University of Notre Dame
Kroc Institutde for International Peace Studies

Gun violence has become ubiquitous in the United States; when you mention a recent mass shooting, you need to clarify which one. How does our country allow for this? What kind of a country fails to provide the most basic of all needs – security?

The answer is complex, far exceeding a discussion of rights associated with the Second Amendment. Rather, the core issue is that powerful individuals put profit above lives, recognizing that there is a massive, profitable market for guns in a country where owning them is considered a basic right.[1] As a democracy, we encourage civic participation in elections and the policymaking process. We can make political donations and meet with our elected members. In an increasingly unequal society, wealthier organizations have a greater ability to do both. The gun lobby has recognized this and mastered the art of lobbying against gun reform and bankrolling Republican candidates for Congress.[2]  Capturing a party in Congress has stalled most meaningful gun legislation, with few exceptions.[3]

The reality of gun violence in America is not limited to the mass shootings we see in the news. It happens every day in communities across the nation, especially in low-income communities of color. In 2021 alone, the United States experienced more than 21,000 deaths from gun-related homicides.[4]  In recent years, we have experienced an increase in violence across urban centers in the United States, including a 30 percent increase in murders in some areas.[5]  It is no surprise that communities are frustrated, and an instinctual societal response to rising crime has been to call for more armed policing. Without critical assessment, reactive policies can double down on the current profiling and over-policing of communities that have been in place since the 90s. This approach does not work as a whole.[6] More needs to be done at the policy level than simply funding the police.[7]

This is why we are so proud at the Notre Dame College Democrats to be going to Washington, D.C. this March to learn and train on community violence interruption programs with the Friends Committee on National Legislation, a Quaker-based and peace-oriented advocacy group. The Friends are asking the 118th Congress to dedicate millions of dollars in federal appropriations funding to community violence interrupters. The Friends argue that violence interrupters succeed because they “de-escalate violence before it happens, reducing the need for police intervention” and diverting the need for militarized, often fatal, police force.[8] These programs–grounded in scholarship and community wisdom–can target the root causes of gun violence and cultivate the environment for “lasting change,” in large part because the programs are almost always endogenous to a community.[9] We will educate ourselves on gun violence and solutions, train in effective policy advocacy, and discuss the issue with members of Congress. As Democrats, we recognize the violence brought about by reckless gun laws and economic oppression. And while we sympathize with the desire to combat rising crime, we urge caution against falling back into discriminatory and wasteful practices that might only take more lives. This is why we support the Friends’ initiative to urge Congress to support community violence interrupters. 

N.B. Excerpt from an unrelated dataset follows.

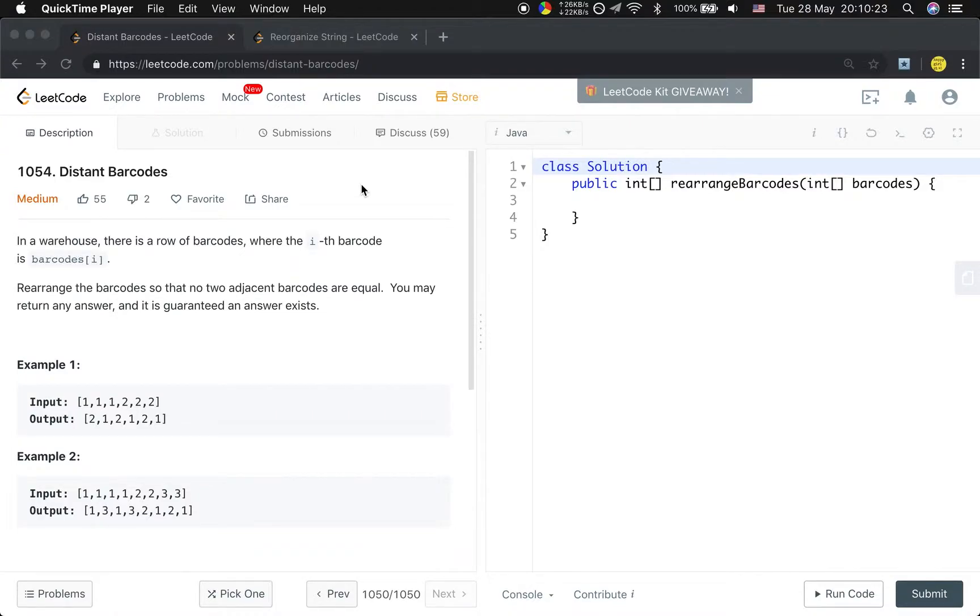Hello friends, today let's solve the distinct barcodes problem. Let's first see the statement.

Community gun violence interrupters seek to end community cyclical violence. They serve as mediators during conflicts. They “connect at-risk individuals to services such as recreation, job training, financial literacy, entrepreneurship, and more to mitigate and prevent violence before it takes place,”[10] addressing the root causes of crime and violence in communities. This contributes to a safer and more just community in the long term. Last year, representatives from Safe Streets of Catholic Charities of Baltimore testified before the Senate, addressing the root causes of violence that create safer communities. Violence interrupters can work in different ways and employ diverse methods, but one thing is always present: community connections. 

We at Notre Dame College Democrats applaud these actions, and we are proud to attend the Friends’ Spring Lobby Weekend this upcoming March. South Bend, home to the University of Notre Dame and its students, suffers from endemic gun violence. While recent years have shown promise, South Bend has seen an uptick in gun violence and homicides.[11] Fortunately, the city is home to individuals like Isaac Hunt of Goodwill Industries, who has worked tirelessly to implement community group violence intervention and to lobby for funding at the national level. The City implemented the South Bend Group Violence Intervention program (SBGVI) in 2014, bringing together the South Bend Police Department, the Office of Community Initiatives, S.A.V.E Outreach Team, Goodwill, St. Joseph County Prosecutor’s Office, and more[12] – an example of what a community can do when its constituents work together. We thank the South Bend community for its efforts to face difficult issues and find solutions – and we also have a responsibility to contribute to this work, helping where we can.  We hope to continue to learn from individuals like Mr. Hunt, and through a multi-day training with the Friends that will provide us with the resources necessary to develop our organizing skills and substantive knowledge.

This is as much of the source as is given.